While no rate cut has materialized just yet, the message was clear. The central bank sees a path to easing later this year, but only if inflation shows more meaningful improvement.

The Fed’s updated projections and tone signal that policymakers are growing more cautious and divided about how to balance economic resilience with stubborn inflation.

Fed Signals Two Cuts on the Table for 2025

The Fed’s updated “dot plot” revealed a split outlook for rate cuts this year: 8–10 officials expect two quarter-point cuts, while 7 expect none. Fed Chair Jerome Powell offered a careful recalibration during his post-meeting press conference.

“We’ve made considerable progress, but inflation remains elevated,” Powell said. “We need to see more good inflation data to bolster confidence before adjusting policy.”

Translation? The Fed’s finger is hovering near the rate-cut trigger, but it won’t pull unless the next few CPI reports say “go.”

Inflation Ticks Higher, Growth Slows Down

The Fed’s latest projections reveal a story we’ve heard before: inflation is cooling, but not fast enough, and growth is starting to drag.

  • Core inflation: expected to average 2.8% in 2025, higher than previous projections.

  • Long-term inflation forecast: increased to 3.0%, reflecting ongoing price pressures in sectors like housing and energy.

  • GDP growth: reduced to 1.4%, signaling that higher borrowing costs are finally catching up with consumers and businesses.

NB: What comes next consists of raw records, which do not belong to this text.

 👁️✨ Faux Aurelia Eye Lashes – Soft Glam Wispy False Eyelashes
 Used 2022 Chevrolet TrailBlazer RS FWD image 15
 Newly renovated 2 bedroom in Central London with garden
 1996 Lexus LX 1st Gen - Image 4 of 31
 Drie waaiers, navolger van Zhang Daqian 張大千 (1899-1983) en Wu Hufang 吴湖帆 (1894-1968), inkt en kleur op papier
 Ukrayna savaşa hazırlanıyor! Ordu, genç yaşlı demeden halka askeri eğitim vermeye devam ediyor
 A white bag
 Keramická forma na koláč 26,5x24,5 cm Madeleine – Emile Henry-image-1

  • Unemployment: projected to increase to 4.5% by year-end, a sign of the labor market softening but not collapse.

Markets Jitter, Then Recalibrate

Traders digested the Fed’s remarks in real-time. Stocks seesawed as Powell spoke, with the Dow slipping slightly while bond yields edged higher on the inflation revisions.

Fed funds futures now price in a 60–70% chance of a cut by September, assuming economic data trends the right way. But as we’ve learned over the last two years, what the Fed signals in June can look very different by fall.

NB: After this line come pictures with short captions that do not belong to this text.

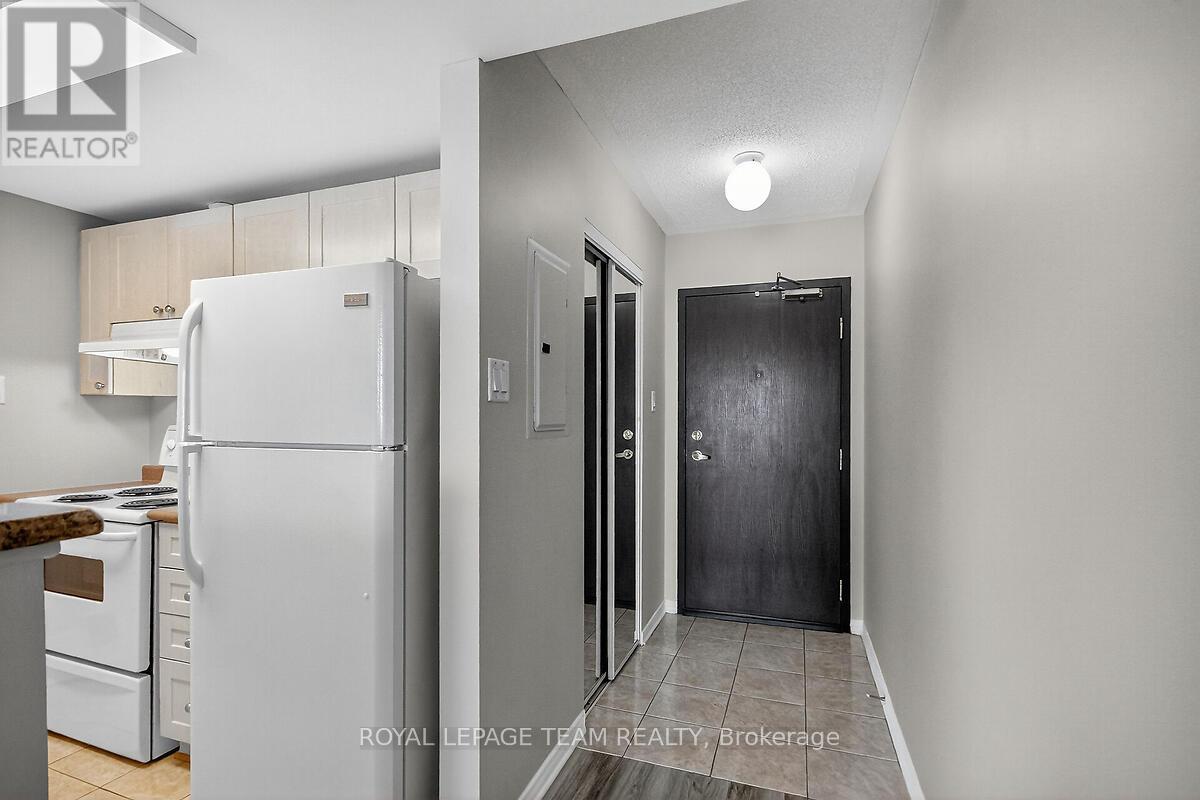 8f - 310 Central Park Drive
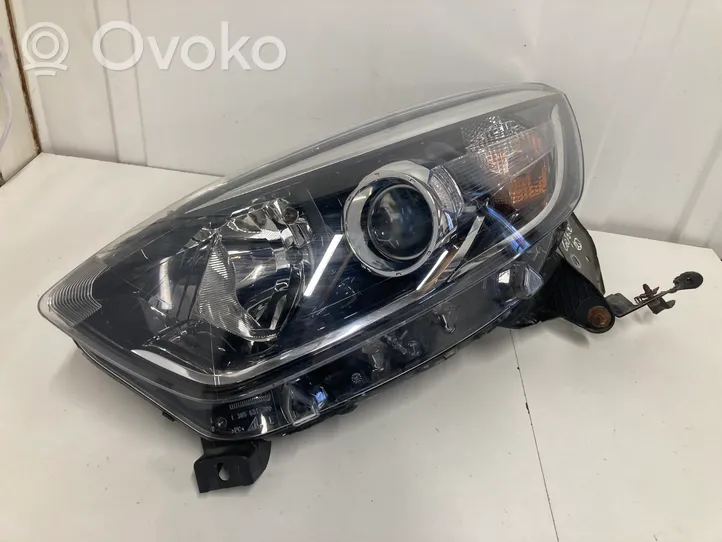 Renault Captur Lampa przednia 130702445200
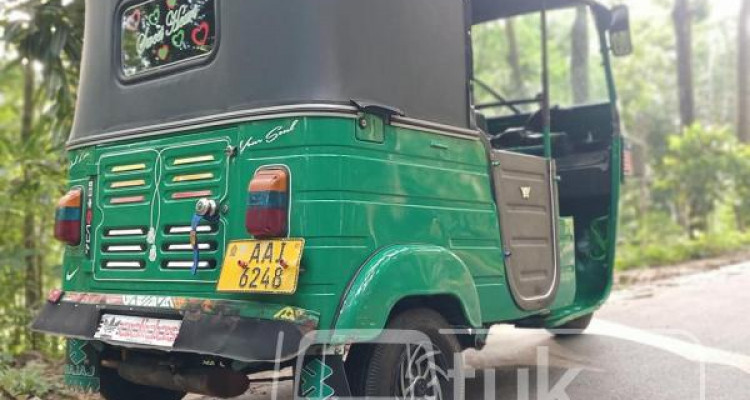 BAJAJ 2012 4 STROKE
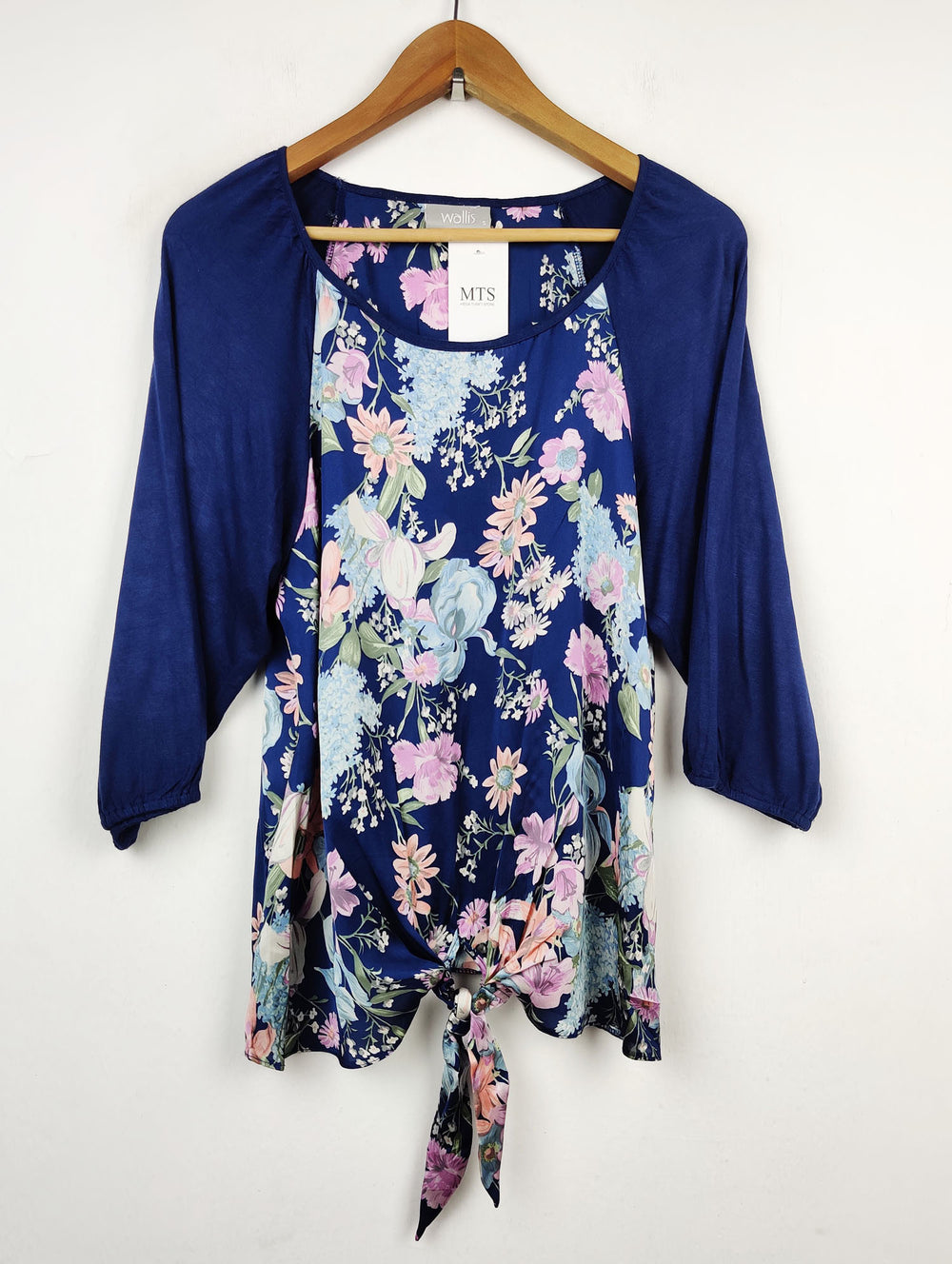 Buy online pre-used pre-loved 100% authentic & Original branded Wallis (SWT-2291) available in Pakistan. Top international brands avilable.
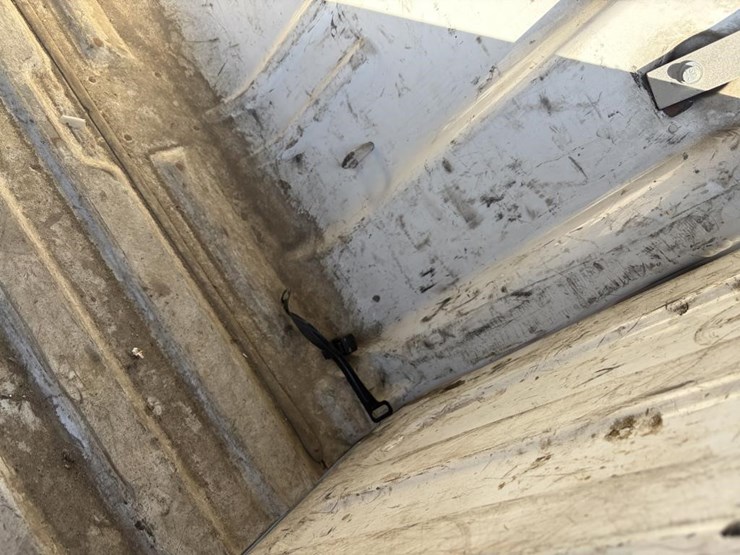 2013-chevrolet-2500-image-27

Trump Turns Up the Heat, Fed Stays Cool

President Donald Trump has stepped up public pressure on the Fed, blaming “high interest rates” for slowing growth and urging a shift toward more aggressive cuts.

But Powell remains rock-solid. In a recent 60 Minutes interview, he emphasized the Fed’s independence:

“We do not consider politics in our decisions. We never do and we never will.”

What It Means for Everyday Americans

  • Borrowers: Don’t expect rate relief overnight. Mortgage rates, credit card APRs, and auto loan rates will remain elevated until the Fed starts cutting, which is likely to be fall or winter at the earliest.

  • Savers: Enjoy those high-yield CDs and savings accounts while they last. If the Fed begins easing, yields on deposit products could start to slide heading into 2026.

  • Investors: The market sees light at the end of the tunnel, but it’s a long tunnel. Stay tuned to inflation reports, jobs data, and Powell’s Jackson Hole speech in August.

The Fed didn’t deliver a rate cut, but it offered something almost as valuable: clarity. The path to rate relief is now visible, though not guaranteed.

The tone is now more flexible, the outlook more cautious, and the policy stance is more open-ended than at any point in the last 12 months. If inflation finally gives way, we’ll see the first cuts in this cycle.

Until then, the Fed is standing still, just close enough to the edge to see what comes next.